Nonetheless, Conrad’s successor Henry III skilfully reasserted imperial pre-eminence in a series of campaigns culminating in a great victory in support of the Arpads over Hungarian rebels at Menfö in 1044. The problems that confronted his son Henry IV hindered further intervention after 1073, while the Arpads and Piasts reasserted a more independent royal status by supporting the Gregorian reform papacy during the Investiture Dispute. With his customary ingenuity, Gregory VII reinterpreted Henry III’s earlier gift of insignia captured at Menfö to argue that Hungary was subordinate to the papacy, not the Empire. The last serious efforts to enforce imperial suzerainty over Hungary and Poland failed by 1109, but infighting amongst the Piasts ensured some tribute was paid until 1184.
Bohemia
The Premyslids chose the opposite course of securing elevation as kings by backing the Salians. Henry IV granted Wratislav II a personal royal title in 1085 as thanks for defeating his German enemies at Mailberg three years earlier. This elevation underscores the significance of the imperial title, since Henry delayed the reward until after his own coronation as emperor in 1084, thereby maintaining his superior status. Only an emperor (or more controversially, a pope) could make a king. Kings could not make other kings, nor could royal titles simply be assumed: those attempting this failed to secure recognition from existing monarchs. As with the earlier example of the Piasts, the Premyslids’ own infighting prevented them from making their royalty permanent. Vladislav II received another personal title from Frederick I in 1158. Ottokar I secured confirmation of this as hereditary by trading his support for the Staufers during the Empire’s civil war after 1198. Frederick II’s subsequent problems obliged him to confirm this in 1212 and 1231,
as well as recognize Prague’s autonomy from the imperial church. The ‘lands of the Bohemian crown’ (
corona regni Bohemiae
) were increasingly accepted as a distinct unit separate from the German kingdom. Frederick II issued a charter in 1212, agreeing to accept whoever the Bohemians chose as their king.

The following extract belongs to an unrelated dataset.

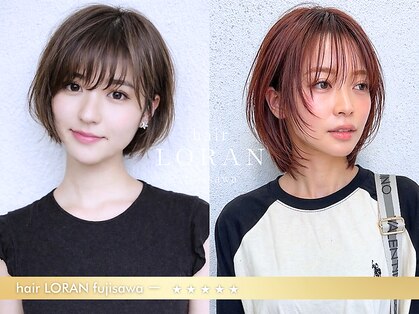 ヘアーローラン 藤沢(hair LORAN fujisawa)の写真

In future, each new Bohemian king automatically succeeded to the ‘lands of the Bohemian crown’, but his political rights in the Empire depended on being enfeoffed with the new title of Arch Cup Bearer (
Erzmundschenk
), created in 1212, which entitled him to participate in German royal elections. These changes consolidated Bohemia’s autonomy, but it would be wrong to interpret them simply as a ‘decline’ in imperial authority, since they reflected a new understanding of feudal vassalage developed by the Staufers to ease management of the Empire.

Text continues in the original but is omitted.